Clinical Pharmacology Unit (UPC)
Development of New Tools for Pharmacological Profiling of Immunosuppressants in Children
Study Rational
Treatment through immunosuppressant drugs has changed the prognosis of patients who suffer from autoimmune diseases or receive an organ transplant. However, drug use protocols place little importance on sensitivity variability among individuals relating to patient age. Consequently, the degree of induced immunosuppression (pharmacodynamics) may differ from one patient to another and result in an under- or overdose, despite a blood concentration of the therapeutic drug (pharmacokinetics). These two situations lead to major deleterious effects, namely treatment failure and drug toxicity. This, in turn, means higher costs for patient care. Better treatment adaptation would not only benefit the patient, but also the health system economy. Until now, the adjustment of administered immunosuppressant doses has been based solely on residual concentrations. However, it should be individualized by also taking into account pharmacodynamic variability. We can distinguish “predictive” pharmacodynamics from “effective” pharmacodynamics. The first predicts the patient’s response to treatment, in vitro, while the second evaluates treatment effectiveness, ex vivo. There are few articles on studies relating to immunosuppressant pharmacodynamics. The few studies that exist focus on the effective pharmacodynamics of immunosuppressants prescribed to adults following an organ transplant.
Hypothesis
Immunosuppressant susceptibility varies according to age and individual. This variability is attributable to polymorphisms (interindividual variability) and modifications observed during the ontogeny (age-related variability) of target receptors, as well as biotransformation and signaling pathways. Our hypothesis is that the analysis of the in vitro sensibility (predictive pharmacodynamics done following the addition of immunosuppressants in the culture medium) and ex vivo sensibility (effective pharmacodynamics carried out following oral immunosuppressant intake by patient) of T lymphocytes can be used to design individualized treatment.
Objectives
Primary: Develop a pharmacological profile, including criteria drawn from predictive pharmacodynamics (immunosuppressant activity tested in vitro prior to treatment) and effective pharmacodynamics (immunosuppressant activity tested ex vivo following treatment) in association with pharmacokinetic data (administered dose vs. blood concentrations). The immunosuppressive agents studied will be nucleotide synthesis route inhibitors (6-mercaptopurine, mycophenolate mofetil and methotrexate) and calcineurin inhibitors (tacrolimus and cyclosporine A).
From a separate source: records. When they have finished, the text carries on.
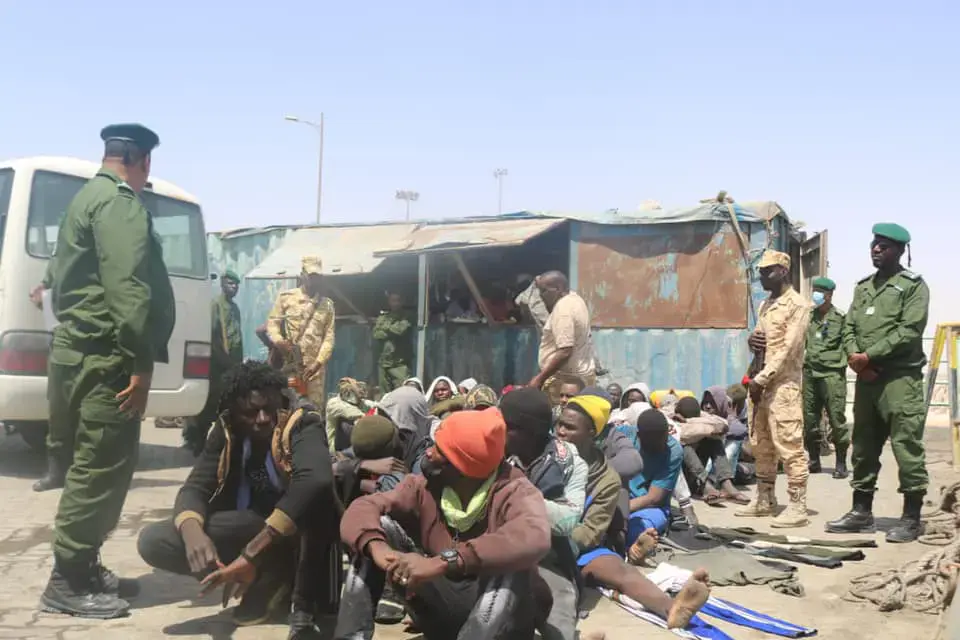 Mauritanie : 150 migrants illégaux interceptés en face des côtes de la ville de Nouadhibou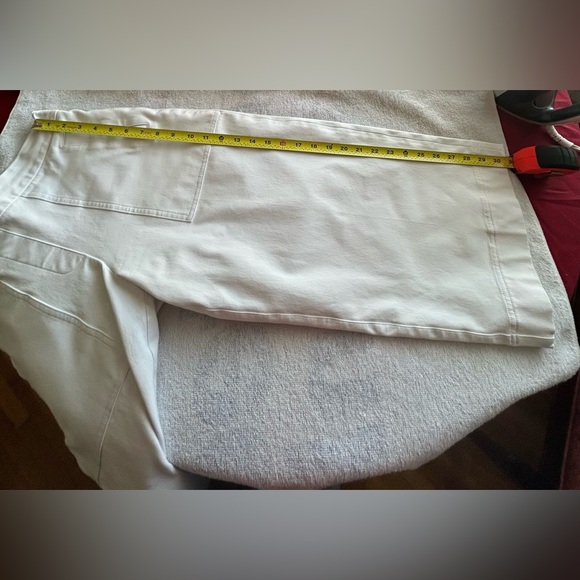 SPANX 20479Q Cropped Wide Leg Classic White Pull-on Shaping Pants M - Picture 3 of 8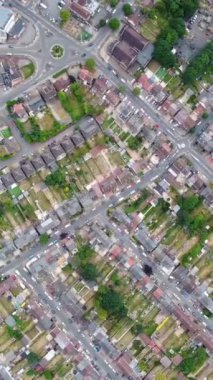 Günbatımında Merkez Luton Şehir ve Binalarının Yüksek Açılı Görüntüleri, İngiltere 'nin Modern ve Tarihi İngiltere Görüntüsü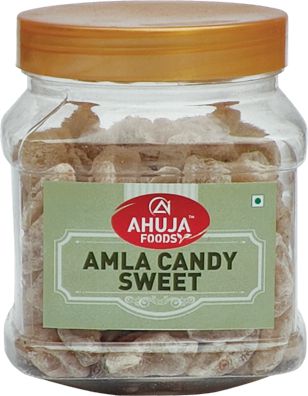 Ahuja Foods Amla Sweet Candy, Packaging Type : Plastic Jar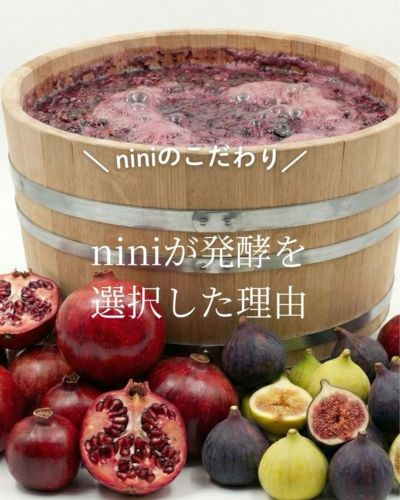 熟成発酵ザクロエキス ザクロ・イチジク – nini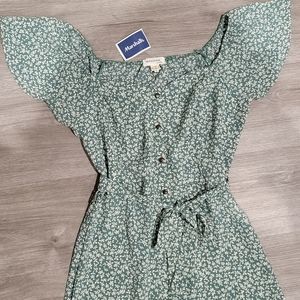 Floral summer midi dress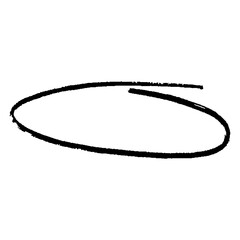 Poster - rounded circle brush shapes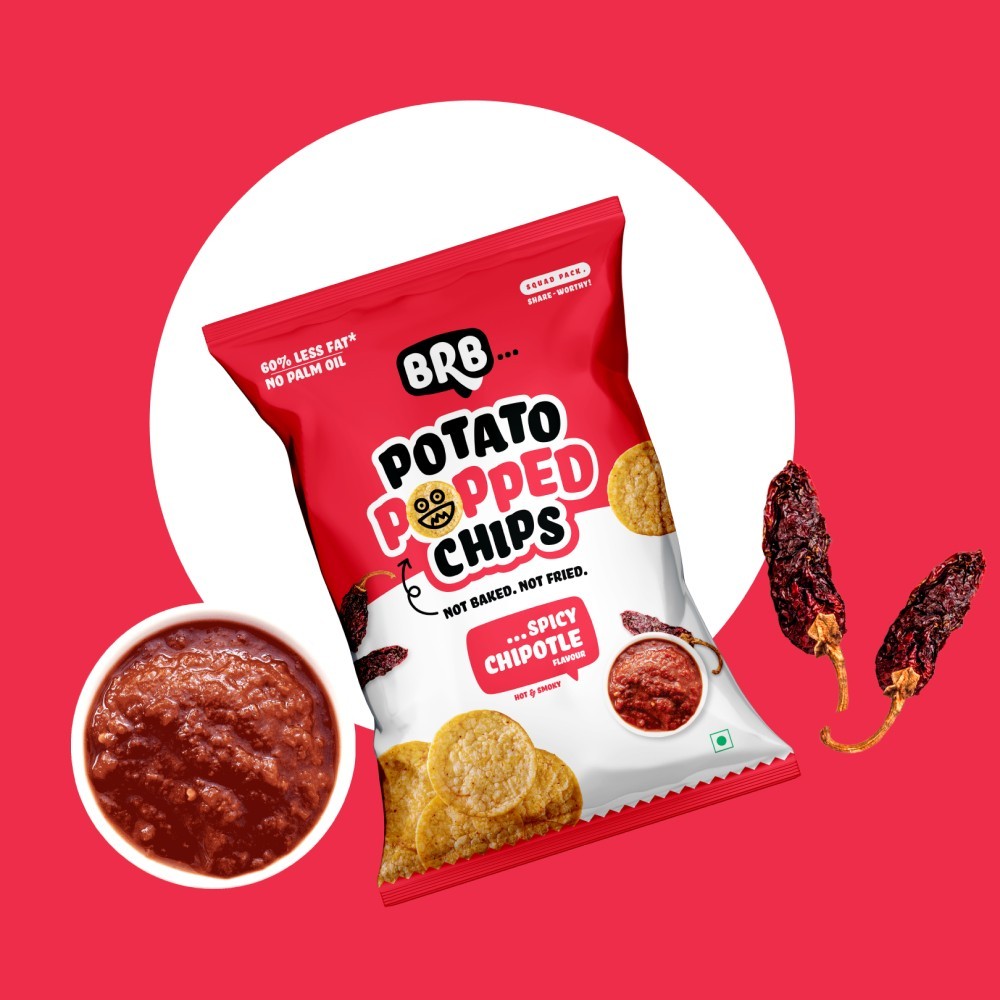BRB Potato Popped Chips (Spicy Chipotle Flavour)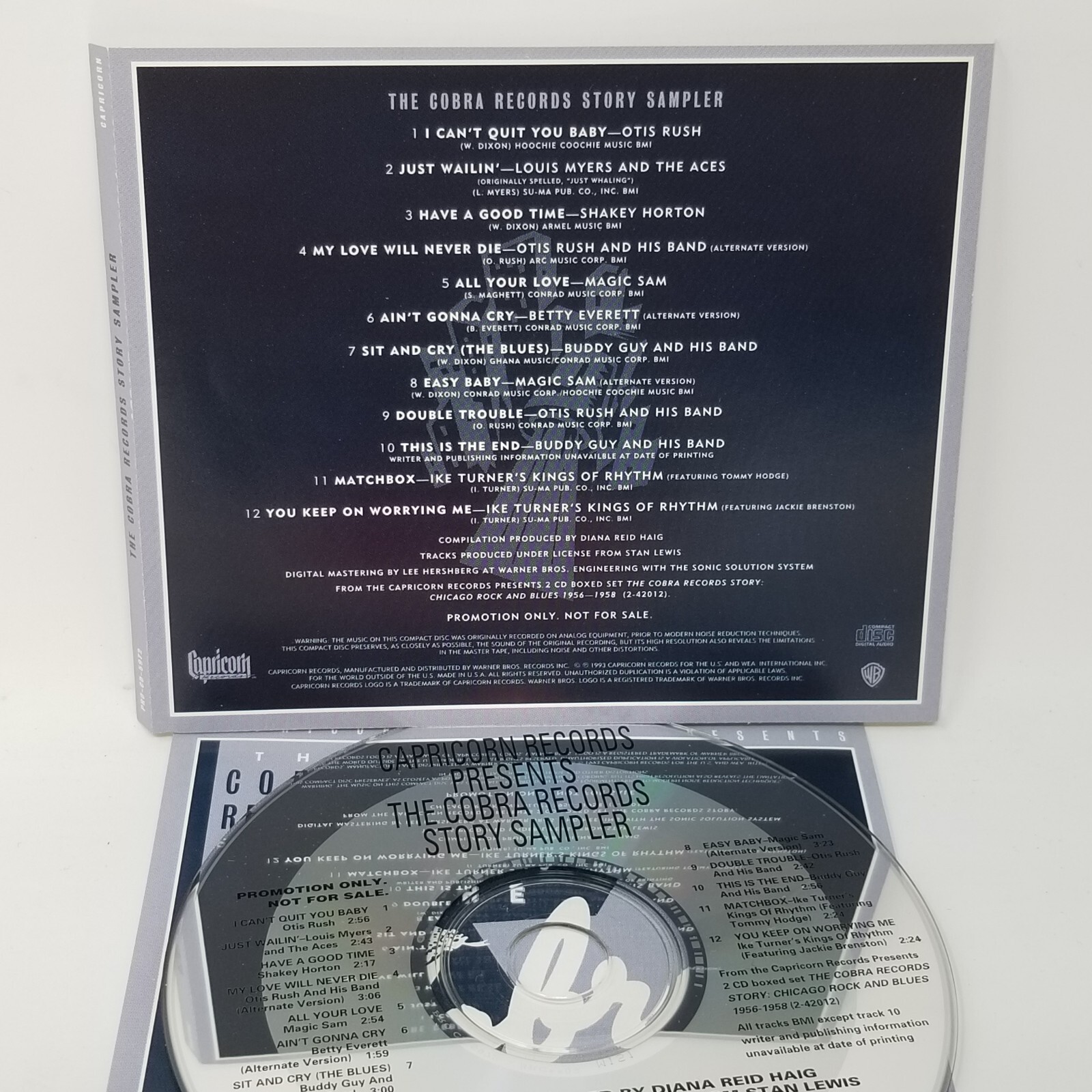 Cobra Records Story Chicago CD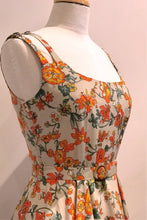 Load image into Gallery viewer, Majorie Mustard Floral Dress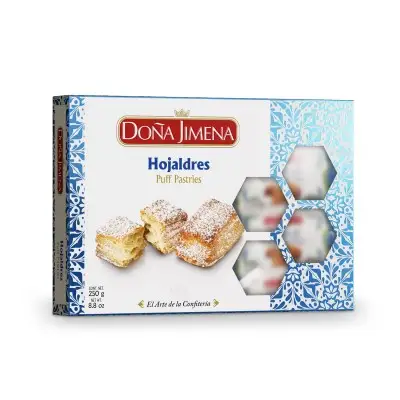 Mini Hojaldres, Puff pastries (250g) - Dona Jimena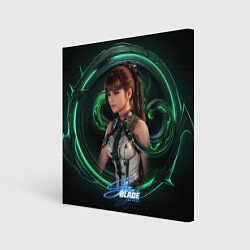 Холст квадратный Stellar Blade Eve green, цвет: 3D-принт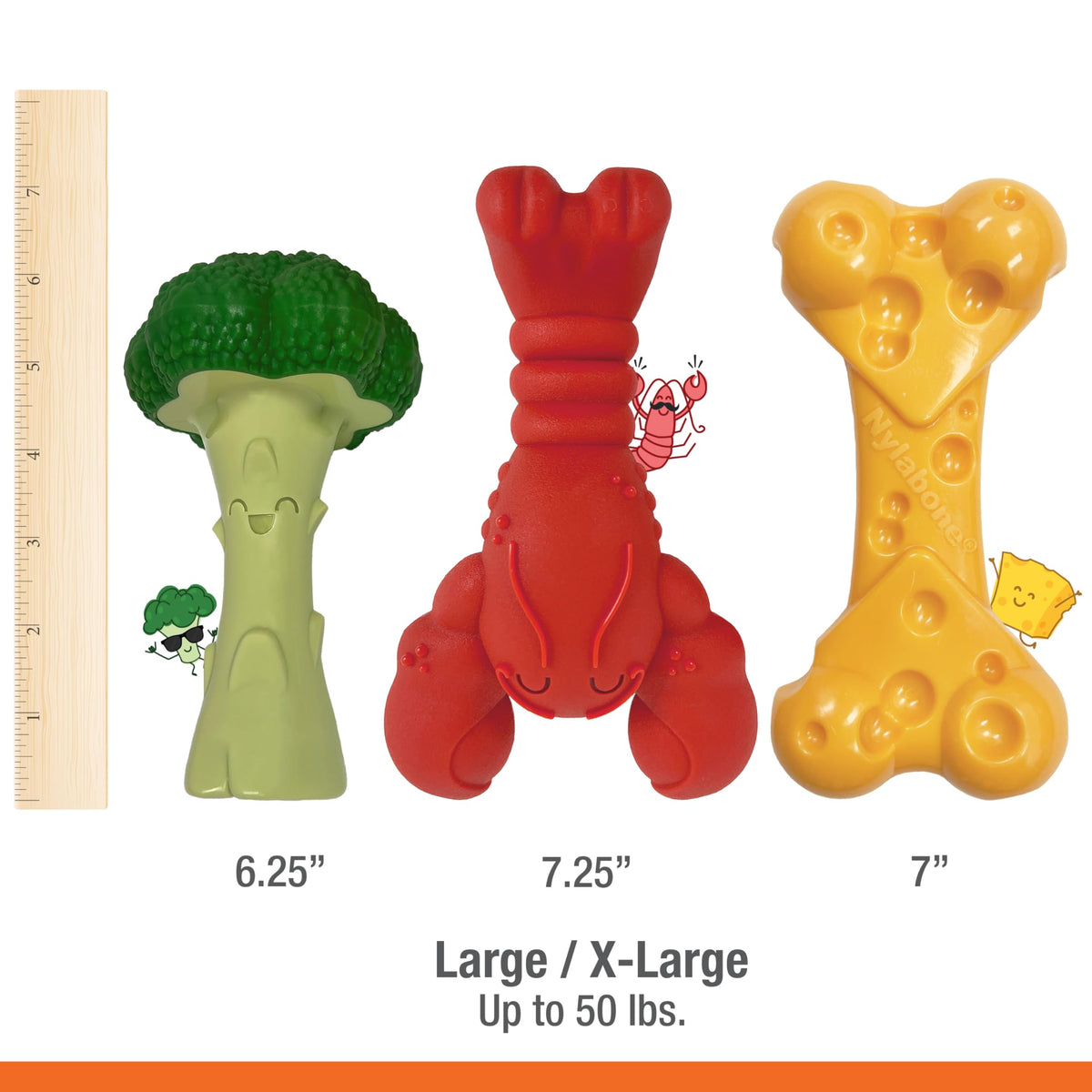 3 Pack Dog Chew Toys F442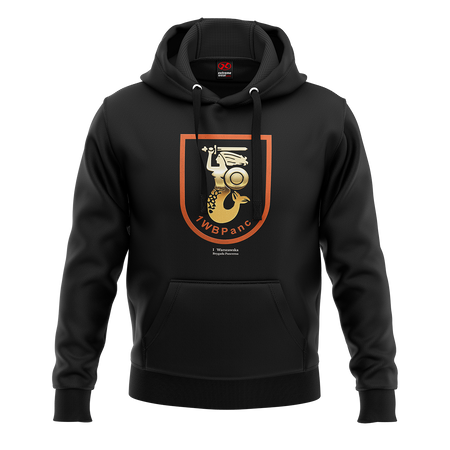 BLUZA Z KAPTUREM - 1 Warszawska Brygada Pancerna - Tarcza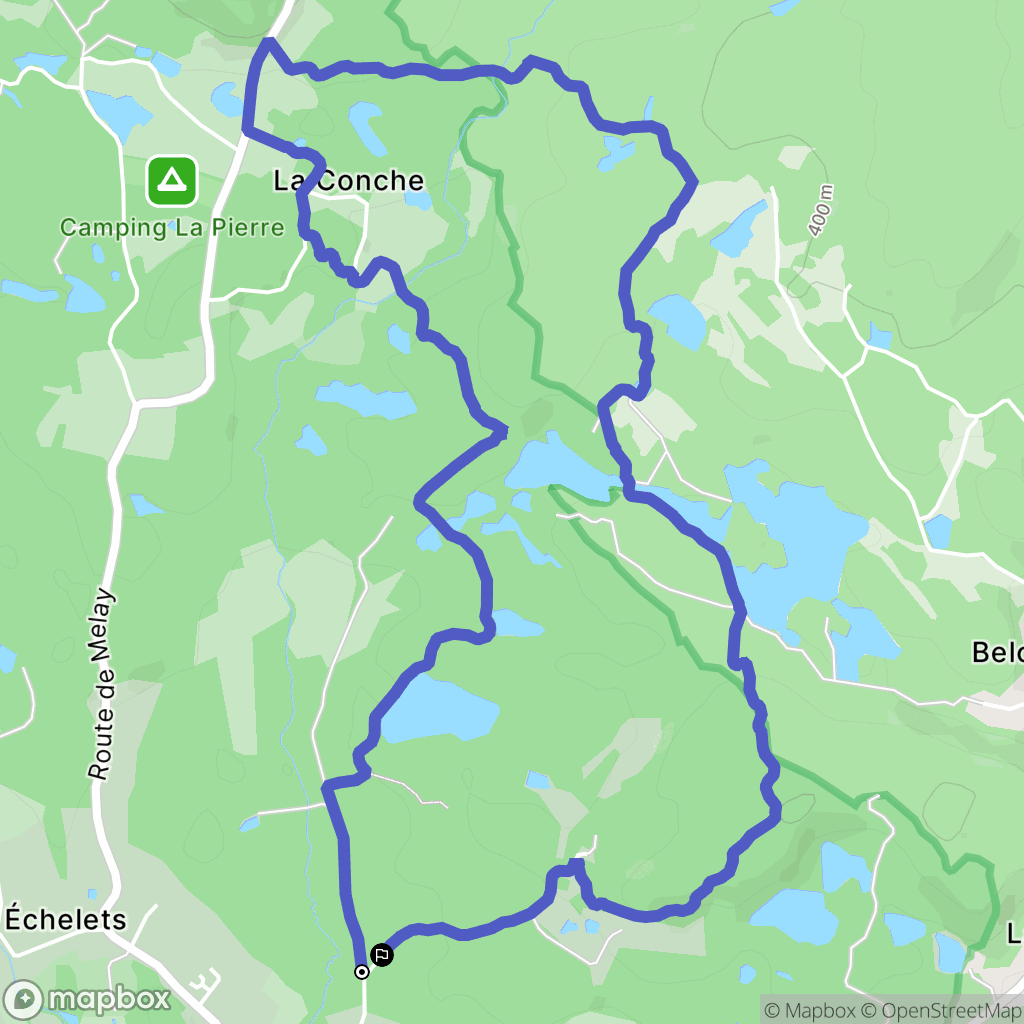 Mélisey : carte du parcours de randonnée - France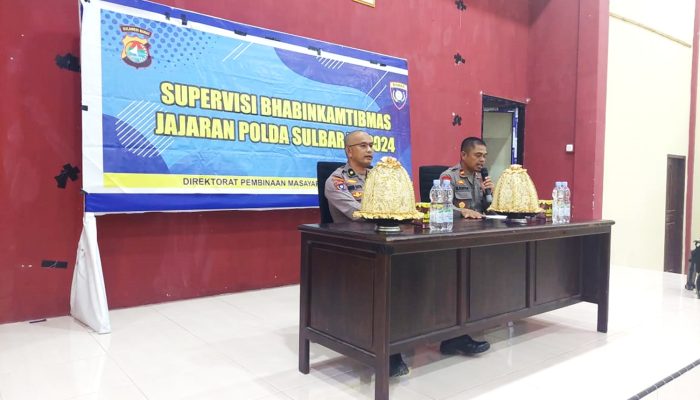 Dit Binmas Polda Sulbar Gelar Supervisi Bhabinkamtibmas di Polres Majene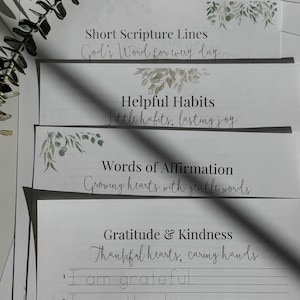 Charlotte Mason-Inspired Copywork Bundle | Handwriting & Scripture Practice
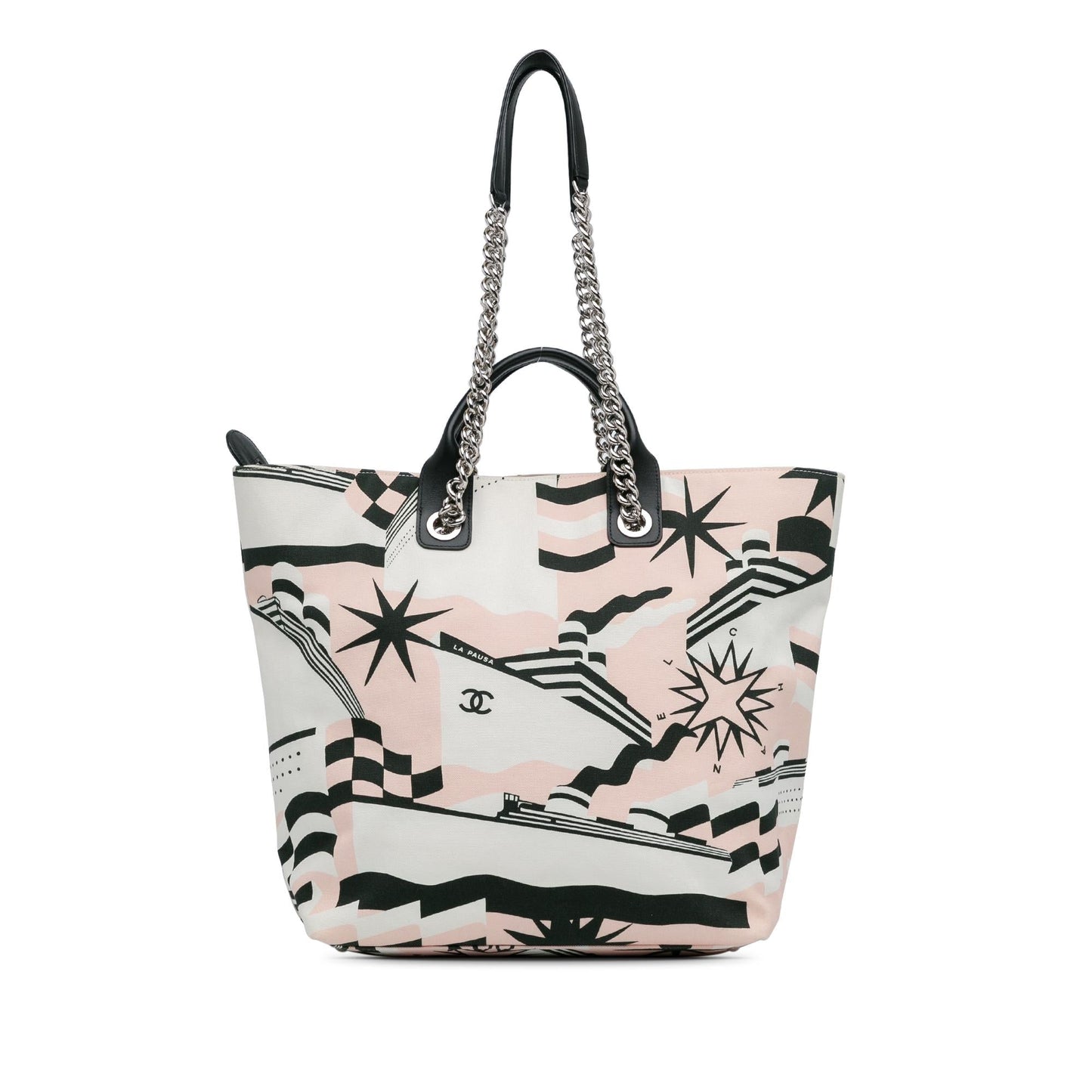 Chanel La Pausa Bay Shopping Tote (SHG-BHPMOc)
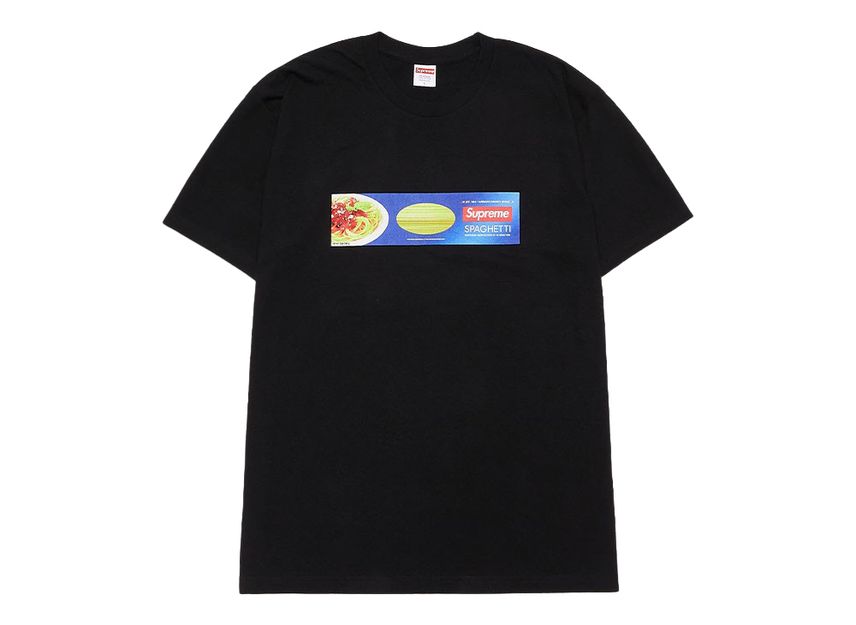 シュプリーム スパゲッティ T ブラック Supreme Spaghetti Tee Black SUP-FW21-029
Secondary: These pharmacodynamics studies, in association with the pharmacokinetics study currently in wide use at the CHU Ste-Justine (Dr. Yves Théoret) will constitute the pharmacological profile that will enable Sainte-Justine researchers to (1) propose an algorithm to individualize immunosuppressant treatments for patients in order to optimize drug efficacy while reducing their deleterious effects, (2) develop a new standard of care affecting a great number of patients, (3) reduce patient care costs by limiting the deleterious effects due to under- or overdosage of immunosuppressants, (4) describe pediatric aspects related to immunosuppressant pharmacodynamics, and (5) target a future pharmacogenetic study on factors that may be responsible for interindividual susceptibility.